It's been six long years since stoner pals Harold Lee (Cho) and Kumar Patel (Penn) got into trouble at Guantanamo Bay. These days, a successful Harold has mostly lost contact with slacker Kumar. It would take a miracle to bring them back together. Thank goodness, then, that it's Christmas in New York...
A mysterious spliff gift. A ruined Christmas tree. A mad dash across New York to find a replacement. A drug-slinging mall Santa. The real Father Crimbo blasted from the sky by a random shotgun discharge. Make no mistake: this is the Harold & Kumar take on Christmas, loaded down with the usual chaos, swearing, boobs and everything else you’ve come to expect from the pair.
But while the story remains resolutely ridiculous, it’s also funny — and in 3D this time. The numerous digs at the format feel like genuine complaints we’ve all had, and the movie itself (shot in proper, not post-converted 3D) uses the technology to both comic and actual effect. Sure, there are lots of scenes where everything from snowballs to magic dust flies at the screen, or Neil Patrick Harris pokes us with his candy cane (steady), but it all seems apt for what is an attempt at a Proper Christmas Movie.
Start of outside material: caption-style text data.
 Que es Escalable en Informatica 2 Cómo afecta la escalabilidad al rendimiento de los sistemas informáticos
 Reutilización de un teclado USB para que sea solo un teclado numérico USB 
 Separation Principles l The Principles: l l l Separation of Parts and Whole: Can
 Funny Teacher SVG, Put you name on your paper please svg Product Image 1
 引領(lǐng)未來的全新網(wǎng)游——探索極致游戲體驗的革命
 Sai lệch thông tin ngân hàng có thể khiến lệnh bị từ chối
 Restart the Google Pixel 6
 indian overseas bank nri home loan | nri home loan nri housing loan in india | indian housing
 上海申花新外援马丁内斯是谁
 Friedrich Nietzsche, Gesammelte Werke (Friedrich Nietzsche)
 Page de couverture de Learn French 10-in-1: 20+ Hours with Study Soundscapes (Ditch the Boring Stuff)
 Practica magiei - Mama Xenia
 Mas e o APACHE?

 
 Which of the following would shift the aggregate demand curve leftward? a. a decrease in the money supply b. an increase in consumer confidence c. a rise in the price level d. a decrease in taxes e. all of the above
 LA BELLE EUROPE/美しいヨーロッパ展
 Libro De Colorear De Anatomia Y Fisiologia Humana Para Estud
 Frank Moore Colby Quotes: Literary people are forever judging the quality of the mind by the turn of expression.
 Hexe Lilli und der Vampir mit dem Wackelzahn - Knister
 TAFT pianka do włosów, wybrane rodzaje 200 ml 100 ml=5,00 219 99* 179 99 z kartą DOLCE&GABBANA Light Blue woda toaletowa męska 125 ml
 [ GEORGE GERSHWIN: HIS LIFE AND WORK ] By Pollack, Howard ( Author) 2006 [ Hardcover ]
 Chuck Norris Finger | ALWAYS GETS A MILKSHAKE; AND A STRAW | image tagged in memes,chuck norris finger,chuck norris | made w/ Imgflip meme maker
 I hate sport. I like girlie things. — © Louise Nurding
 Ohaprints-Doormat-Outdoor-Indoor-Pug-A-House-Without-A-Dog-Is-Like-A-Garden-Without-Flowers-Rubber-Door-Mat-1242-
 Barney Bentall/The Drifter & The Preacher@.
Yes, it’s even got some heart beating underneath all the Santa-shooting, crazed waffle-making robots, penis-frozen-to-pole and stoner humour. A claymation segment works well, and there’s also a pleasantly smart side to all the stupid giggles as both Harold and Kumar react realistically to most of the situations they’re presented with. Plus, every festive flick needs a little reconciliation, and veteran writers Hayden Schlossberg and Jon Hurwitz understand that we need to care about these guys in order to enjoy everything else.
And though the requisite Harris appearance slips into slightly less charmingly comic territory than usual when he puts the sinister moves on a chorus girl, that’s easily balanced by a trip to heaven and the now-trademark jabs at his career and personal life. Oh, and he’s addicted to crack cocaine now, for those keeping score of his scores. But while he pops in for the standard cameo, there’s also some fine support for the leads, with Tom Lennon as Harold’s replacement Kumar and newcomer Amir Blumenfeld filling in as the Harold substitute. Dragged into the boys’ mad misadventures, Lennon in particular works well as the nerdy Todd, endlessly outraged at how many narcotics his little daughter is exposed to. Your enjoyment of that particular wrinkle will likely depend on your tolerance for baby-on-drugs gags, though.
This never reaches the heights of Rudolph The Red-Nosed Reindeer or The Snowman in terms of classic seasonal fare. But there are a lot of laughs lurking within the shiny 3D wrapping and snow-covered silliness.